The European Union’s latest overhaul of derivatives regulation, EMIR 3, introduces a series of structural changes to the cleared OTC derivatives space. Although the widely discussed “active account” requirement will be covered separately, the current reforms already mark a significant shift for market participants, argues global law firm A&O Shearman in a recently published article on Mondaq.
Financial counterparties (FCs) must now carry out two separate calculations, uncleared and aggregate positions, to assess clearing obligations. Non-financial counterparties (NFCs) only need to assess uncleared positions, with certain group-level transactions excluded.

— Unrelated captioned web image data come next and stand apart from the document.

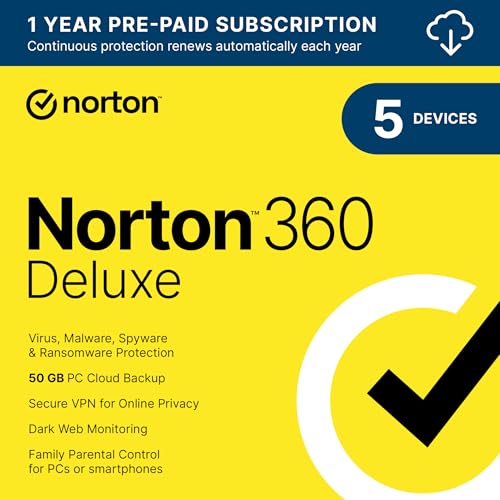 Norton 360 Deluxe 2024, Antivirus software for 5 Devices with Auto Renewal - Includes VPN,...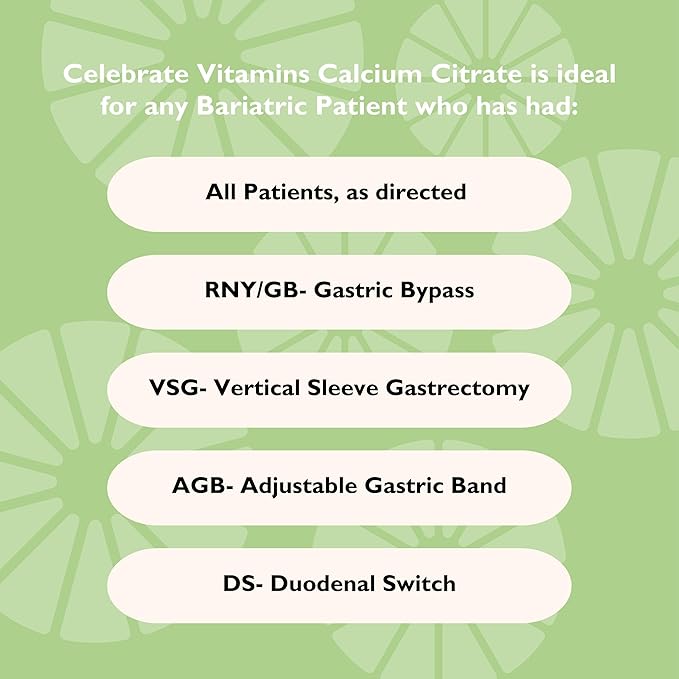 Celebrate Vitamins Bariatric 500mg Calcium Citrate Soft Chews with 500 IU Vitamin D3 – Essential for Gastric Bypass Patients &amp Bone Health - Sugar &amp Gluten Free Orange (270 Chews)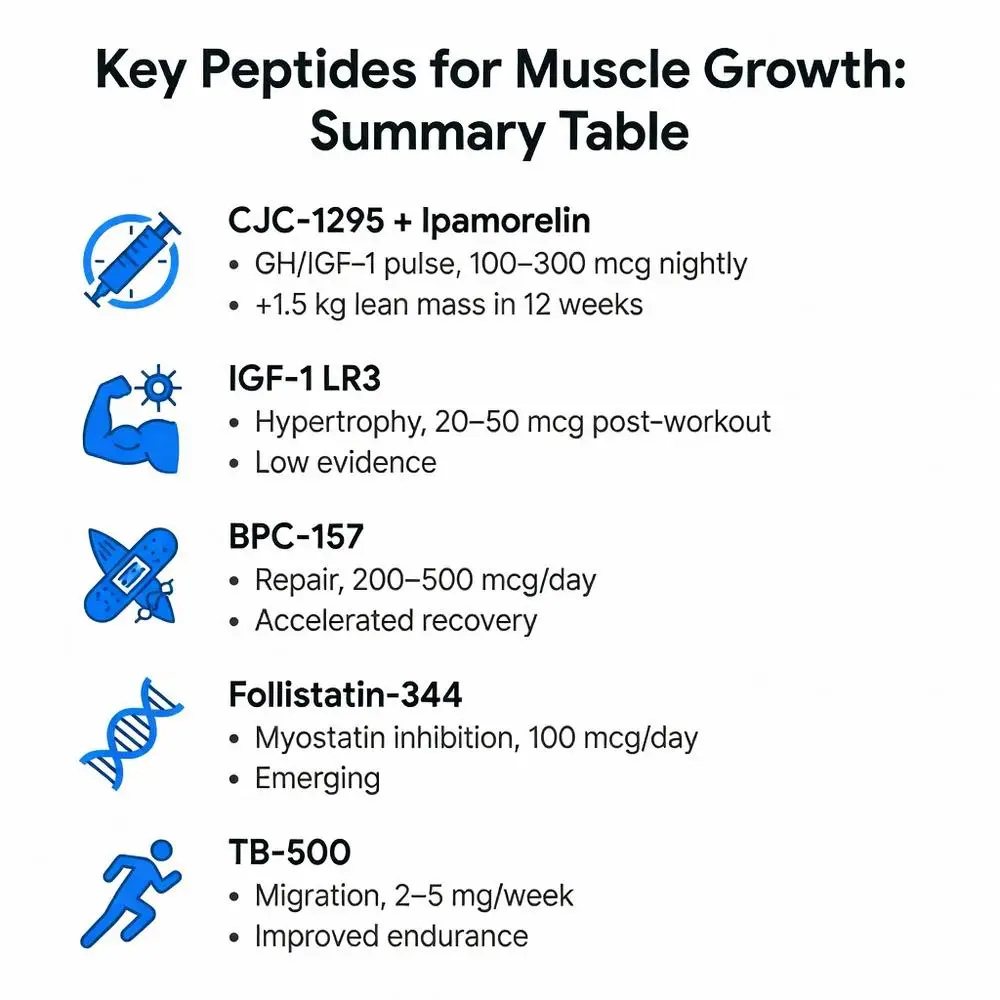 Key Peptides for Muscle Growth Summary Table - CJC-1295, IGP-1 LR3, BPC-157, Follistatin-344, TB-500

These changes will take effect following the finalisation of related technical standards, likely no earlier than 2026.
Clearing members operating at both EU and non-EU CCPs face new reporting and disclosure obligations. These include notifying clients about EU clearing options and providing detailed breakdowns of fees and margin model scenarios. NFCs face tighter rules for becoming clearing members and are limited to offering client clearing only within their own group.
Expanded clearing exemptions
New exemptions apply to trades with non-EU pension schemes and certain post-trade risk reduction services. The cross-border intragroup exemption has also been revised. On the CCP side, procedures for product launches and margin model changes are streamlined, and CCPs must now assist clearing members in meeting enhanced transparency requirements.